SFP modules on a board running Linux

We recently worked on Linux support for a custom hardware platform based on the Texas Instruments AM335x system-on-chip, with a somewhat special networking setup: each of the two ports of the AM335x Ethernet MAC was connected to a Microchip VSC8572 Ethernet PHY, which itself allowed to access an SFP cage. In addition, the I2C buses connected to the SFP cages, which are used at runtime to communicate with the inserted SFP modules, instead of being connected to an I2C controller of the system-on-chip as they usually are, where connected to the I2C controller embedded in the VSC8572 PHYs.

The below diagram depicts the overall hardware layout:

Our goal was to use Linux and to offer runtime dynamic reconfiguration of the networking links based the SFP module plugged in. To achieve this we used, and extended, a combination of Linux kernel internal frameworks such as Phylink or the SFP bus support; and of networking device drivers. In this blog post, we’ll share some background information about these technologies, the challenges we faced and our current status.

Introduction to the SFP interface

SFP moduleThe small form-factor pluggable (SFP) is a hot-pluggable network interface module. Its electrical interface and its form-factor are well specified, which allows industry players to build platforms that can host SFP modules, and be sure that they will be able to use any available SFP module on the market. It is commonly used in the networking industry as it allows connecting various types of transceivers to a fixed interface.

A SFP cage provides in addition to data signals a number of control signals:

  • a Tx_Fault pin, for transmitter fault indication
  • a Tx_Disable pin, for disabling optical output
  • a MOD_Abs pin, to detect the absence of a module
  • an Rx_LOS pin, to denote a receiver loss of signal
  • a 2-wire data and clock lines, used to communicate with the modules

Modules plugged into SFP cages can be direct attached cables, in which case they do not have any built-in transceiver, or they can include a transceiver (i.e an embedded PHY), which transforms the signal into another format. This means that in our setup, there can be two PHYs between the Ethernet MAC and the physical medium: the Microchip VSC8572 PHY and the PHY embedded into the SFP module that is plugged in.

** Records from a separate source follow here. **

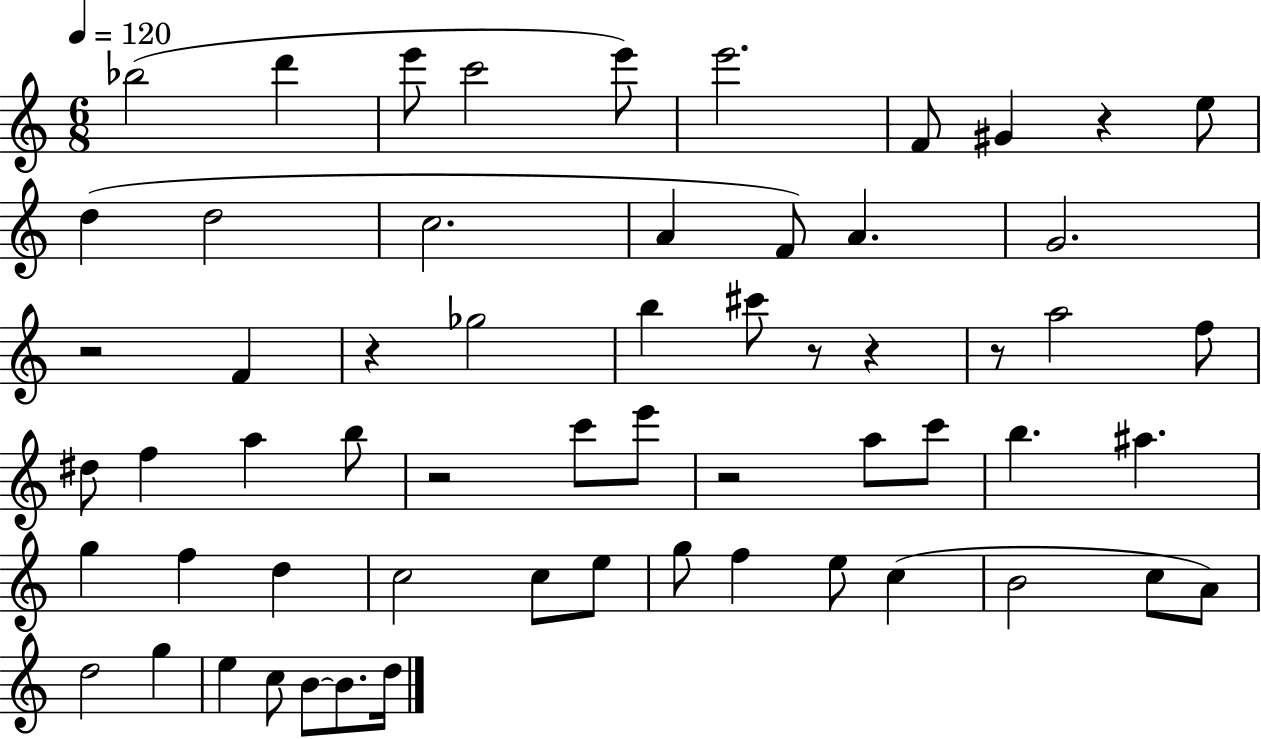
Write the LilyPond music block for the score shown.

{
  \clef treble
  \numericTimeSignature
  \time 6/8
  \key c \major
  \tempo 4 = 120
  bes''2( d'''4 | e'''8 c'''2 e'''8) | e'''2. | f'8 gis'4 r4 e''8 | \break d''4( d''2 | c''2. | a'4 f'8) a'4. | g'2. | \break r2 f'4 | r4 ges''2 | b''4 cis'''8 r8 r4 | r8 a''2 f''8 | \break dis''8 f''4 a''4 b''8 | r2 c'''8 e'''8 | r2 a''8 c'''8 | b''4. ais''4. | \break g''4 f''4 d''4 | c''2 c''8 e''8 | g''8 f''4 e''8 c''4( | b'2 c''8 a'8) | \break d''2 g''4 | e''4 c''8 b'8~~ b'8. d''16 | \bar "|."
}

All SFP modules embed an EEPROM, accessible at a standardized I2C address and with a standardized format, which allows the host system to discover which SFP modules are connected what are their capabilities. In addition, if the SFP modules contains an embedded PHY, it is also accessible through the same I2C bus.

Challenges

We had to overcome a few challenges to get this setup working, using a mainline Linux kernel.

As we discussed earlier, having SFP modules meant the whole MAC-PHY-SFP link has to be reconfigured at runtime, as the PHY in the SFP module is hot-pluggable. To solve this issue a framework called Phylink, was introduced in mid-2017 to represent networking links and allowing their component to share states and to be reconfigured at runtime. For us, this meant we had to first convert the CPSW MAC driver to use this phylink framework. For a detailed explanation of what composes Ethernet links and why Phylink is needed, we gave a talk at the Embedded Linux Conference Europe in 2018. While we were working on this and after we first moved the CPSW MAC driver to use Phylink, this driver was rewritten and a new CPSW MAC driver was sent upstream (CONFIG_TI_CPSW vs CONFIG_TI_CPSW_SWITCHDEV). We are still using the old driver for now, and this is why we did not send our patches upstream as we think it does not make sense to convert a driver which is now deprecated.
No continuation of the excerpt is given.